» Exercise data:
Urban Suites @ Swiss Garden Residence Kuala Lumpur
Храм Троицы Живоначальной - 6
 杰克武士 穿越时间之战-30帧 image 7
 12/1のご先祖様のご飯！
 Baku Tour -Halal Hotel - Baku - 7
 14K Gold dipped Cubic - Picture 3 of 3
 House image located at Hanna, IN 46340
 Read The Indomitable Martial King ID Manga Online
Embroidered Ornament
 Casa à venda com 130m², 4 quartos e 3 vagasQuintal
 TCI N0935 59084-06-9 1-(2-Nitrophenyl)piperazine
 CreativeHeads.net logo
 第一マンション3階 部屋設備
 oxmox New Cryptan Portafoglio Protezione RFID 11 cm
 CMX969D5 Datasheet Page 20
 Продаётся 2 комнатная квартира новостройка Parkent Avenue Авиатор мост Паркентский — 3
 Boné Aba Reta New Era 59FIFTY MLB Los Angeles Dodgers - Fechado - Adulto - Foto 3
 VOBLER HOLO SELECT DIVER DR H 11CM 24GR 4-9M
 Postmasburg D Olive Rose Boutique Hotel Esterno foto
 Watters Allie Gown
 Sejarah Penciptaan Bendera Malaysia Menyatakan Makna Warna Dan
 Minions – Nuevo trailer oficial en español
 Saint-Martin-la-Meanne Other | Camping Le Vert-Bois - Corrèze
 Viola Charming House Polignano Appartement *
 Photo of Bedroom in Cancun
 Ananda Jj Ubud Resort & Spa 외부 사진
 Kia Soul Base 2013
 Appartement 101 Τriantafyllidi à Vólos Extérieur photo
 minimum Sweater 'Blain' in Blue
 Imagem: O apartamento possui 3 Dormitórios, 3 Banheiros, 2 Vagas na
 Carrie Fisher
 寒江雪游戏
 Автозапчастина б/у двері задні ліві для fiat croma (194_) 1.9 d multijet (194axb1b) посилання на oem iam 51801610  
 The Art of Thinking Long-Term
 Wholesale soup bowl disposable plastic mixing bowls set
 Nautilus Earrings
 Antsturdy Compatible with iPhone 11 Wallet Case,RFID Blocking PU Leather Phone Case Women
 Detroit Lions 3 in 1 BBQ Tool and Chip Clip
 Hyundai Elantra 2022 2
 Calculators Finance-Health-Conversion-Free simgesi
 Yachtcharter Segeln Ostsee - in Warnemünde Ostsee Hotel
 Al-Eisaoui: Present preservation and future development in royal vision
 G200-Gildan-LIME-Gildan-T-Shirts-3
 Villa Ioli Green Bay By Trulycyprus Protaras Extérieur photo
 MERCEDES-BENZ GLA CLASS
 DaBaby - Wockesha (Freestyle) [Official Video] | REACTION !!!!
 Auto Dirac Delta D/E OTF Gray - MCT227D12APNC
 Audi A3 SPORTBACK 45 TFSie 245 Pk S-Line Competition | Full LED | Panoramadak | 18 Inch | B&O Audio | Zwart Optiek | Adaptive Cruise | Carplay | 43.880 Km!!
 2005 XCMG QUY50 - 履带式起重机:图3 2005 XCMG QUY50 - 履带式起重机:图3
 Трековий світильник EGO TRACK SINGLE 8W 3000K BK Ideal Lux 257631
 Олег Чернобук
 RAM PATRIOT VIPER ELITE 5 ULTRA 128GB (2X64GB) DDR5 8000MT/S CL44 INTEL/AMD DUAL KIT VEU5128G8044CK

» Try it:
Locate the word "Extérieur" in the entries, and copy every line where it is found.

» Response to the task:
 Appartement 101 Τriantafyllidi à Vólos Extérieur photo
 Villa Ioli Green Bay By Trulycyprus Protaras Extérieur photo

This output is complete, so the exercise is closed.